Tenho uma cara muito comum, que ajuda nas transformações. O Bruno Gagliasso, por exemplo, tem um olho que parece uma pedra preciosa, é um homem lindo. Para ele, é mais difícil se transformar em um morador de favela ou bandido. É raro as pessoas apostarem nisso. E acaba ajudando a não se cansarem de mim. Acho que essa é uma razão para eu sempre ter um trabalho engatado no outro.
Manter-se na televisão sempre foi seu foco?
Sempre olhei como um lugar que queria para mim. No Brasil, a única forma de falar para o país inteiro é essa. Novela é uma parte muito importante da nossa cultura porque as pessoas nem sempre têm acesso ao teatro e ao cinema. Isso torna a tevê um instrumento poderosíssimo. E com as tecnologias de hoje, a teledramaturgia talvez esteja retomando um lugar de vanguarda como experimentação estética. Os trabalhos mais interessantes agora são realizados na tevê aberta e a cabo. Nos Estados Unidos, isso é muito evidente. O mercado se fecha e só quer trabalhar com "blockbusters", como vemos aqui, com o cinema brasileiro se dedicando prioritariamente às comédias. Esse movimento tem levado os melhores fotógrafos – que tradicionalmente trabalhavam nos longas – para a televisão. Não tem mais uma minissérie da Globo que não seja fotografada por alguém de quilate, como o Walter Carvalho.

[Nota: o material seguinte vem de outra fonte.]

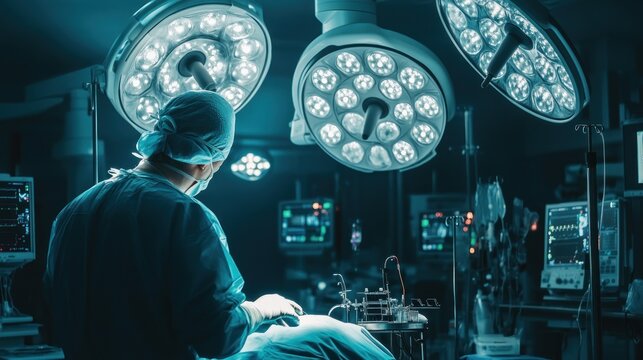 Surgeon in scrubs and cap operates under bright lights in a surgical theater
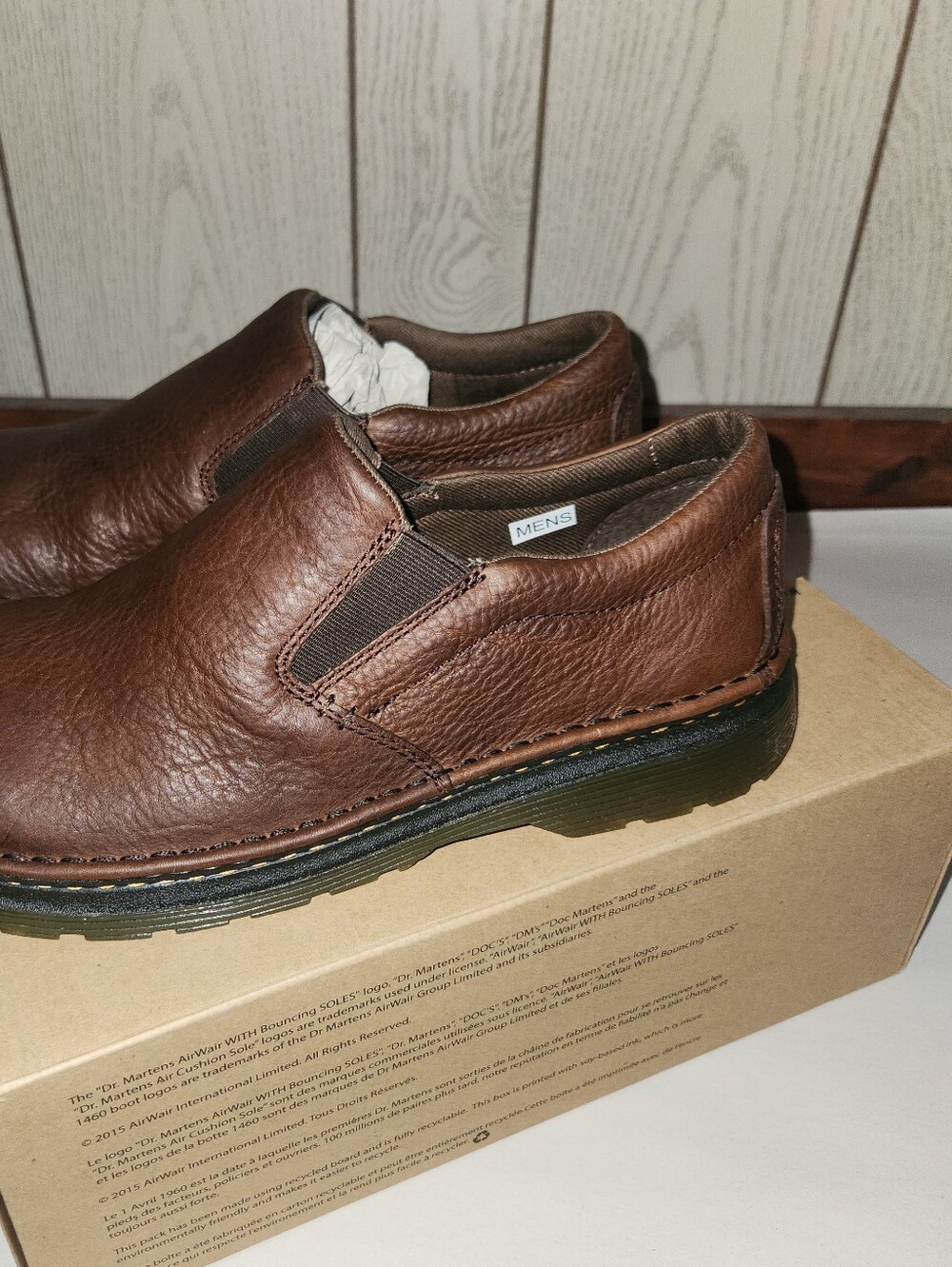 Dr. Martens Boyle Grizzly Leather Slip On Shoes - Picture 3 of 8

Você não fez tevê a cabo ainda. Por quê?
Eu poderia fazer, só precisaria pedir autorização para isso na Globo. Ainda mais se fosse Globosat. Quero experimentar, mas são séries feitas com orçamento apertado e que demandam dedicação intensa do elenco. Então, evitam escalar atores com contratos longos e que podem ser chamados a qualquer momento para uma novela, um especial ou algo do tipo. Se você for ver, normalmente são pessoas mais livres que atuam.

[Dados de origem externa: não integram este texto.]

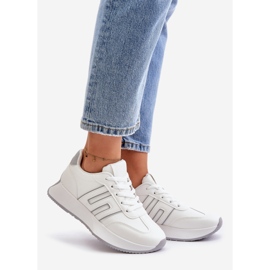 Sneakers da Donna, Scarpe Sportive con Plateau, Thari Bianche e Grigie bianca 1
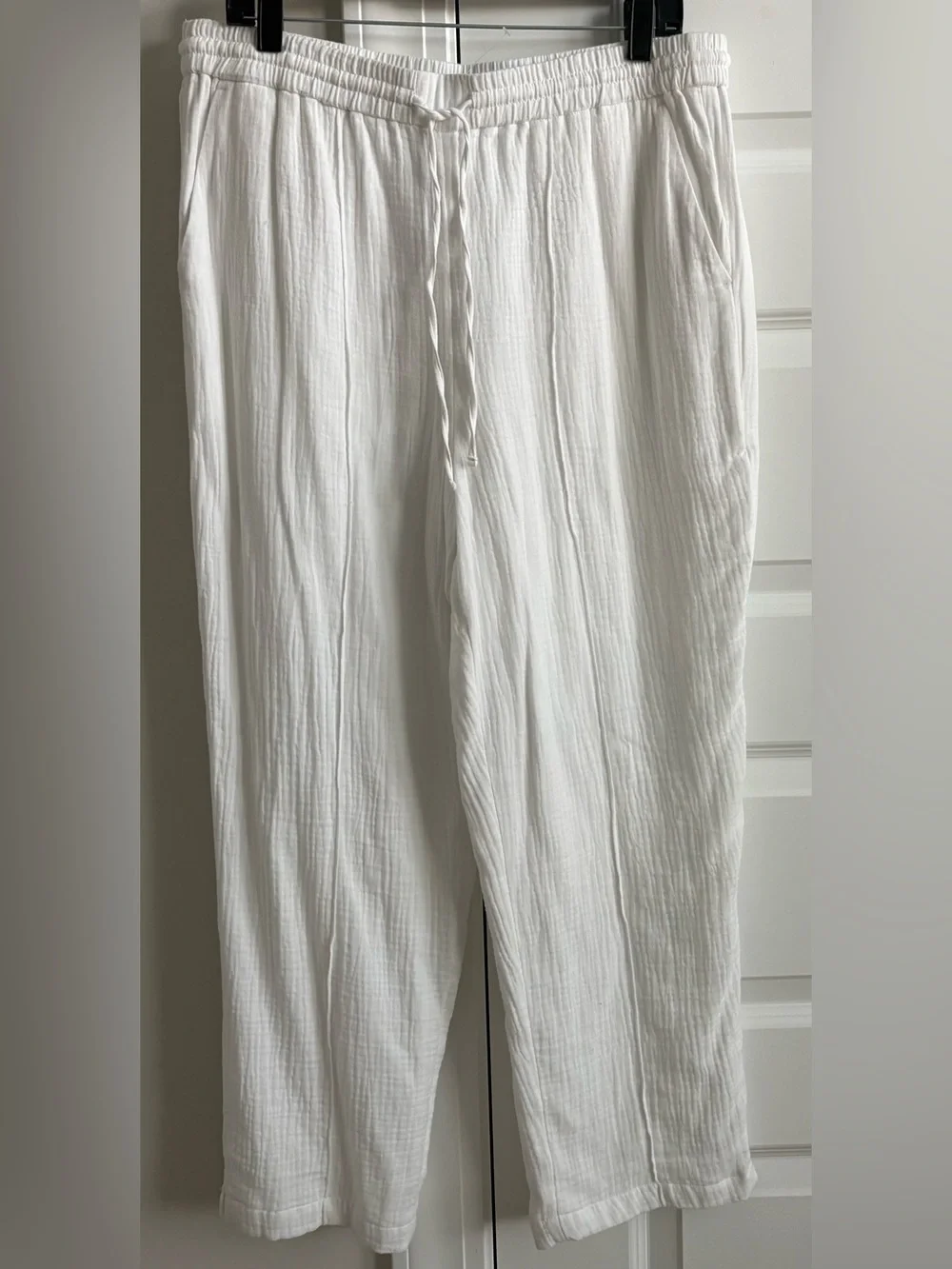 Lightweight Lined Guaze White Drawstring Pants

Você tem outros projetos para a tevê além de atuar?
Tanto a minha geração está chegando a um momento de busca cada vez mais intensa pela realização quanto a televisão vem abrindo espaço para esse tipo de profissional. Tenho um projeto apresentado para a Globo de minissérie em que quero participar do roteiro. E tendo a Amora na direção. É a primeira vez que estou levando uma proposta minha para a Globo sem me ver unicamente como ator.
Entrega total
Para interpretar um monge budista, Caio Blat precisou passar por uma transformação nada agradável. Ao ser escalado, foi avisado que seu cabelo seria constantemente raspado. Uma condição que não chegou a incomodar o ator. Mas ele assume que a ausência de cabelo gera certo desconforto. "É muito radical. A ideia que se tem de alguém com a cabeça totalmente 'limpa' é a de ser calvo ou paciente de quimioterapia. Porém, era importante abrir mão da vaidade, fazer esse voto de simplicidade", avalia.

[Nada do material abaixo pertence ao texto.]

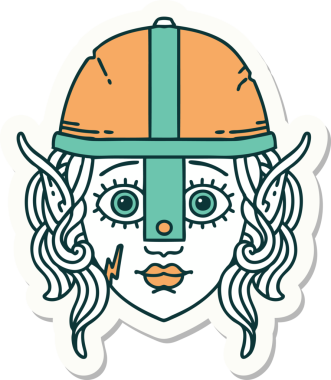 Bir insan tarafından çizilmiş elf dövüşçüsü karakterinin çıkartması.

Além disso, foi preciso tomar cuidados extras para não se bronzear. "Ainda mais na careca", brinca Caio, que estudou algumas orações em tibetano. Uma exigência que não foi feita diretamente pela direção, mas que entendeu ser necessária. Principalmente por já conhecer bem a diretora geral Amora Mautner, com quem trabalhou pela primeira vez quando protagonizou Um Anjo Caiu do Céu. “Ela gosta de trabalhar com improvisações. Então, do nada, me pedia: 'fala aí alguma coisa em tibetano'. Não dava para vacilar nessas horas", explica.
Por trás das câmaras
Além de investir em roteiro para a televisão, Caio também se prepara para estrear como diretor no cinema. E de um longa em que também se envolverá no texto. Trata-se de uma adaptação do romance Juliano Pavollini, do escritor catarinense Cristóvão Tezza. A história conta a vida de um garoto de seus 16 a 18 anos. O menino é criado em um bordel por uma mulher experiente, interpretada por Cássia Kiss Magro. "A intenção é filmarmos ainda este ano. Fiquei muito contente por poder contar com uma atriz como a Cássia nesse projeto, aumenta ainda mais minha empolgação", valoriza.